Задумываясь порой в часы томительных ночных вахт о причине такового совпадения, Невельской постепенно пришёл к выводу, что все эти сановники, адмиралы и царедворцы приобретали свои причуды и завихрения под грузом той самой власти и той самой ответственности, которая эполетным золотом лежала у них на плечах. Тяжесть эта, судя по всему, давила на них чрезвычайно, а потому слегка не свихнуться, не тронуться немножко умом было для них невозможно. Единственным при всей полноте власти, кого участь эта обошла стороной, оставался сам Константин. Могущество, почти вседозволенность, право решать людские судьбы, казалось, ничуть не изменили его сначала детской, а потом юношеской природы. В отличие от большинства придворных его отца, он оставался абсолютно нормальным человеком. Вне парадной обстановки Константина невозможно было бы отличить от любого другого мальчика его возраста, образования и того же круга жизненных интересов. Масса власти, которою он обладал, не смогла раздавить его, потому что ему не надо было привыкать к ней.

– А признайтесь, Геннадий Иванович, что вы всё же боитесь умереть, – сказал Константин, глядя на четырёх забавных поросят, носившихся в дощатом загоне на нижней палубе.

– Вы за этим сюда спустились, Константин Николаевич? Чтобы о смерти поговорить?

– А почему нет? У вас ведь всё равно теперь много свободного времени образовалось.

Невельской позволил себе нахмуриться. Здесь, в полутьме трюма, это вряд ли было заметно. После происшествия в Лиссабоне его действительно отстранили от некоторых привычных обязанностей на судне, хотя Константин уверял, что ни словом не обмолвился адмиралу об этом случае.

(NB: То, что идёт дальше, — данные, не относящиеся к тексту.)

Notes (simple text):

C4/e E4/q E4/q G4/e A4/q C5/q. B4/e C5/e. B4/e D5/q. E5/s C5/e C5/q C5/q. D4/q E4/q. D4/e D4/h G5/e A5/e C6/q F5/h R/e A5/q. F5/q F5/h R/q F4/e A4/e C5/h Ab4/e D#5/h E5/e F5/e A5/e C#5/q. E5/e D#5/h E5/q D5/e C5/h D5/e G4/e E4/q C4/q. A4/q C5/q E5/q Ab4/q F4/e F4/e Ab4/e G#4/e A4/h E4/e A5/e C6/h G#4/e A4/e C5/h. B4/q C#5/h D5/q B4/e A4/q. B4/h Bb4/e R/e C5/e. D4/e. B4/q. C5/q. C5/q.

– Смотрите, у них уши как паруса! У этого стаксель, а вон тот кливера распустил как на бушприте... И все они будут съедены.

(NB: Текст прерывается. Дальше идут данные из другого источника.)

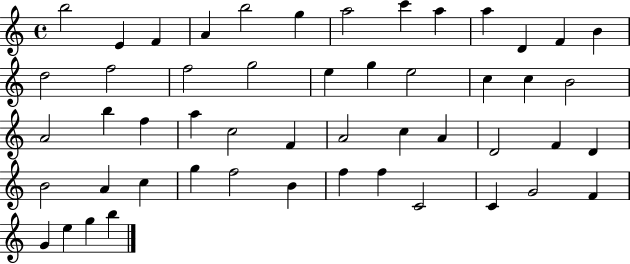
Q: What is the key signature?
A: C major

– Так точно. Причём с превеликим удовольствием, Ваше Императорское Высочество.

– Так что же вы думаете о смерти? – выпрямился Константин. – У меня осталось впечатление, что там, в Лиссабоне, вы ничуть не испугались. Но ведь этого не может быть. Признайтесь, что вам тоже сделалось не по себе. Только вы виду не подали.

– Не подал, – кивнул Невельской. – Не положено.

– Но сами-то испугались?

– Никак нет.

– Да бросьте вы этот тон, пожалуйста, – на лице великого князя мелькнула недовольная гримаса. – Я ведь серьёзно вас об этом спросил. Мне важно. Вы понимаете?

Невельской внимательно посмотрел в глаза юноше и не увидел в них ни тени насмешливости. Тот на самом деле пытался решить для себя приступивший к нему глубокий вопрос.

– Хорошо, – вздохнул Невельской. – Однако ответ может показаться вам долгим.

– Не томите, Геннадий Иванович. Или вы себе цену набиваете?

– Нет, – спокойно пожал плечами тот. – Просто придётся рассказать вам об одном боцмане.

– Боцмане? – удивлённо поднял брови Константин.

– Да. Он служил с нами на фрегате «Беллона». Вам тогда было, кажется, девять лет. Андрюшкин его фамилия. Возможно, вы его помните. У него вот здесь, – Невельской указал на правую сторону своей шеи, – была татуировка. Небольшой тритон и копьё.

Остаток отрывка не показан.